- Exercise aim -
All of the data below should come back exactly as written, minus its images.

- Input records -
=== Begin Enclosure ===
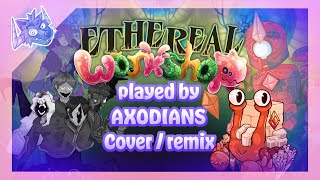 ETHEREAL WORKSHOP played by AXODIANS | ETHEREAL WORKSHOP cover
I started doing this since wave 1 of this island lol, and i finished this yay
I didn’t see the point in fussing too much with the editing
Fankit: https://drive.google.com/drive/folders/1Bz9u5foQD717s9FxYc74b4c94cPFjkRx
Portions of the materials used are trademarks and/or copyrighted works of Big Blue Bubble. All rights reserved by Big Blue Bubble. This material is not official and is not endorsed by Big Blue Bubble
#mysingingmonsters #etherealworkshop #whatif #fanmade #mythicalmonsters #msm #msmcomposer #etherealisland ETHEREAL WORKSHOP played by AXODIANS | ETHEREAL WORKSHOP cover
=== End Enclosure ===
- Response area -
 ETHEREAL WORKSHOP played by AXODIANS | ETHEREAL WORKSHOP cover
I started doing this since wave 1 of this island lol, and i finished this yay
I didn’t see the point in fussing too much with the editing
Fankit: https://drive.google.com/drive/folders/1Bz9u5foQD717s9FxYc74b4c94cPFjkRx
Portions of the materials used are trademarks and/or copyrighted works of Big Blue Bubble. All rights reserved by Big Blue Bubble. This material is not official and is not endorsed by Big Blue Bubble
#mysingingmonsters #etherealworkshop #whatif #fanmade #mythicalmonsters #msm #msmcomposer #etherealisland ETHEREAL WORKSHOP played by AXODIANS | ETHEREAL WORKSHOP cover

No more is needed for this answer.